1. NCCL communication is the unpredictable component. The paper reports up to 52% component-level prediction error for DP_AllReduce and PP_P2P, explicitly because NCCL's runtime algorithm selection (ring vs. tree vs. CollNet), protocol choices (LL/LL128/Simple), and sensitivity to network congestion introduce discontinuities that regression cannot capture. This is precisely the parameter space DynamICCL optimizes over. The paper's failure mode (predicting NCCL behavior) is DynamICCL's value proposition (controlling NCCL behavior).

2. Feature space for DynamICCL state design. The communication operator feature vectors in Table I — specifically [|entries|, |nodes|, |GPUs/nodes|] for DP_AllReduce/AllGather — provide a principled starting point for Agent-2's state vector. Message size, topology (node count, GPUs/node), and collective type are natural features.

3. Parallelism-induced communication diversity. The paper demonstrates that MP degree significantly affects AllReduce communication volume and frequency: MP_AllReduce is invoked 1-2 times per encoder forward pass and 2 times per backward pass. DynamICCL's NCCL parameter selection must adapt to these different workload regimes, reinforcing the need for collective-type-aware and message-size-aware RL policy.
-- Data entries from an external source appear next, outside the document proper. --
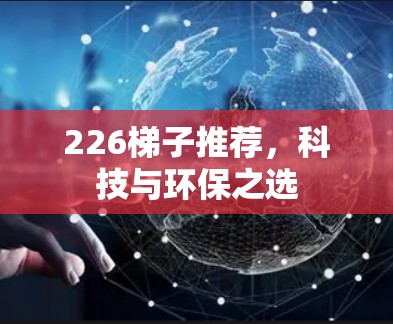 226梯子推荐,科技与环保之选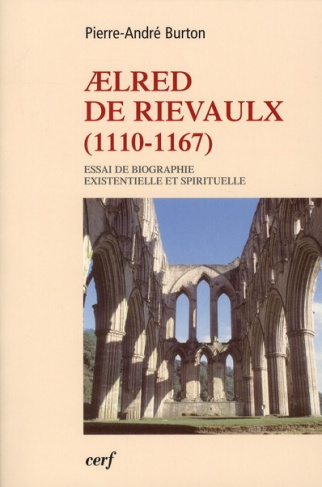 Aelred de Rievaulx (1110-1167). De l'homme éclaté à l'être unifié - Essai de biographie existentiell
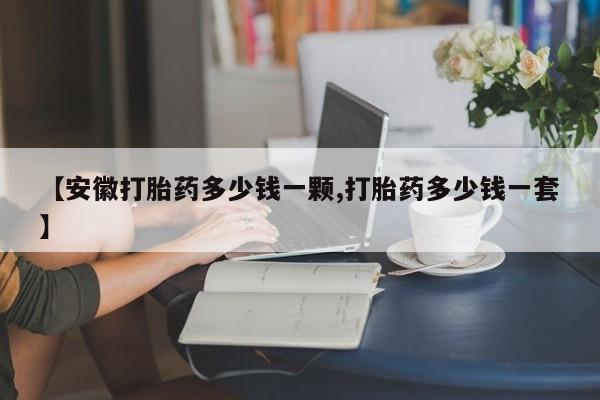 打胎药/堕胎药专卖微信【安徽打胎药多少钱一颗,打胎药多少钱一套】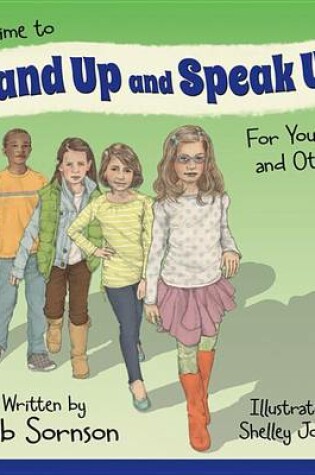 Cover of It's Time to Stand Up and Speak Up! for Yourself and Others
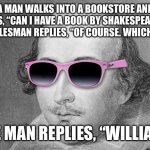 Shakespeare | A MAN WALKS INTO A BOOKSTORE AND ASKS, “CAN I HAVE A BOOK BY SHAKESPEARE?” THE SALESMAN REPLIES, “OF COURSE. WHICH ONE?”; THE MAN REPLIES, “WILLIAM.” | image tagged in cool shakespeare | made w/ Imgflip meme maker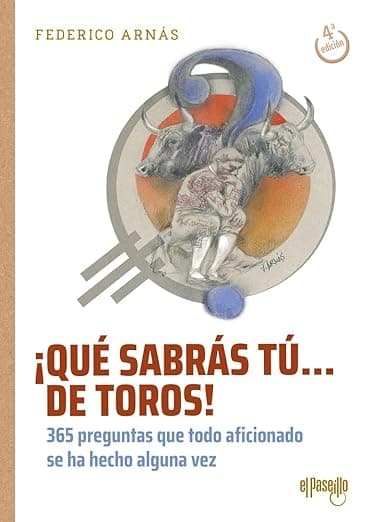 Portada de ¡Qué sabrás tú... de toros! (4ª Ed.): 365 preguntas que todo aficionado se ha hecho alguna vez (TOROS EN LA HISTORIA)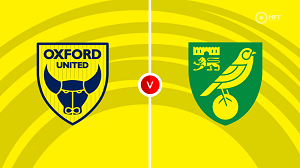 UK88 Tip kèo bóng đá trận Oxford United vs Norwich City, 18h30 ngày 10/08/2024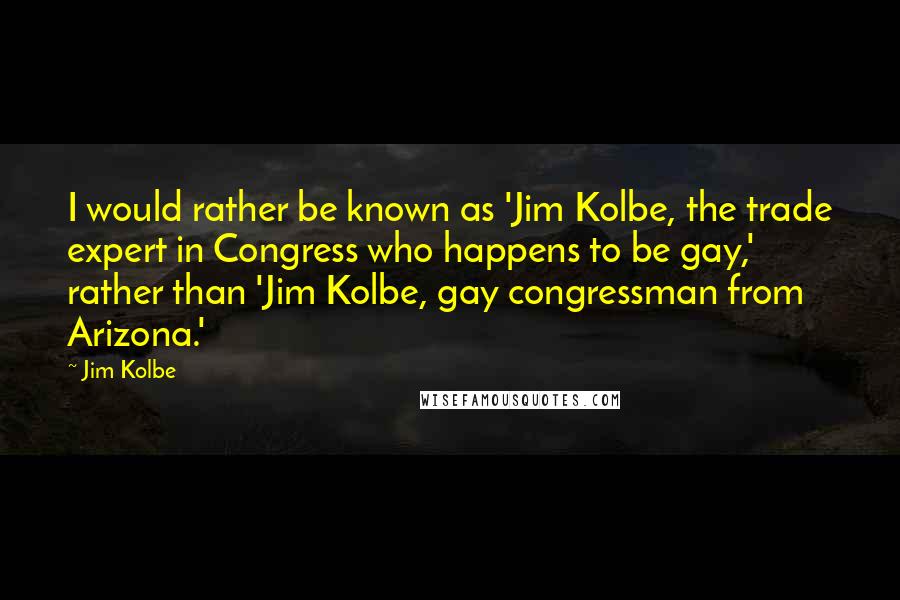 Jim Kolbe Quotes: I would rather be known as 'Jim Kolbe, the trade expert in Congress who happens to be gay,' rather than 'Jim Kolbe, gay congressman from Arizona.'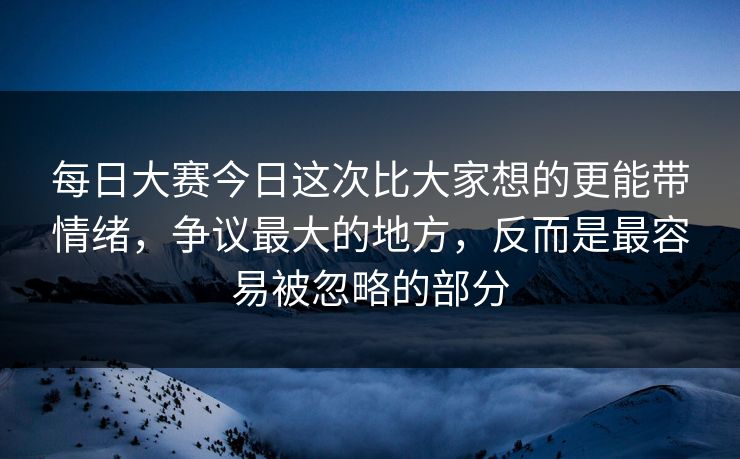 每日大赛今日这次比大家想的更能带情绪，争议最大的地方，反而是最容易被忽略的部分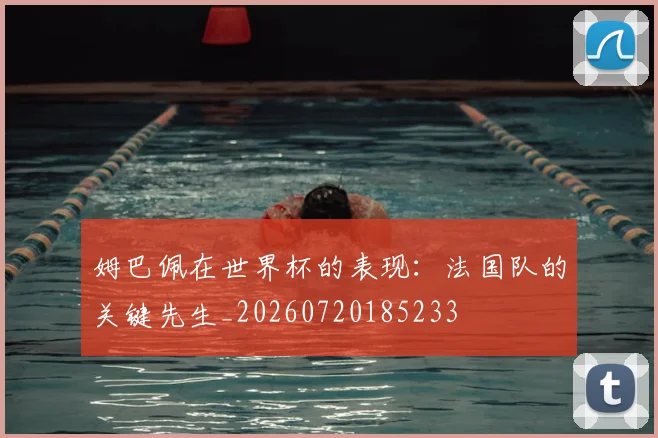 姆巴佩在世界杯的表现:法国队的关键先生_20260720185233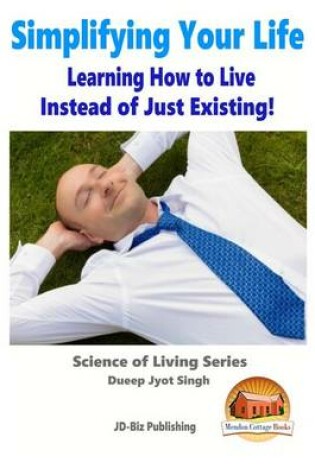 Cover of Simplifying Your Life - Learning How to Live Instead of Just Existing!
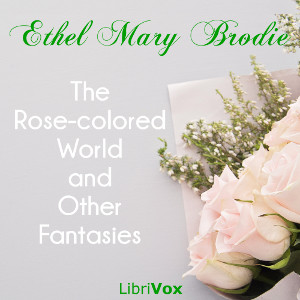 The Rose-colored World, and Other Fantasies - Ethel Mary BRODIE Audiobooks - Free Audio Books | Knigi-Audio.com/en/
4. Vista GH200 + InfiniBand architecture parallel. GH200's single-GPU-per-node design forces all collectives onto inter-node InfiniBand, producing high variability (up to 108.3% min-to-average variation). DynamICCL operating on similar infrastructure faces the same jitter challenge, directly motivating Agent-1's (LSTM+CUSUM) congestion detection role: the agent needs to distinguish normal InfiniBand jitter from genuine sustained congestion.

5. CPU-only prediction framework. The framework runs entirely on CPUs, which is also a design goal for DynamICCL's tuner plugin (making parameter selection decisions at collective call time without GPU overhead). The framework's fast inference speed (tree-based regressors) aligns with the latency requirements of a real-time NCCL tuner.

One important gap: This paper assumes NCCL default configuration and models its output as a black box. DynamICCL explicitly replaces the black box with a controllable agent. The two works are therefore complementary: this paper shows why NCCL defaults are hard to predict; DynamICCL shows how to actively improve on them.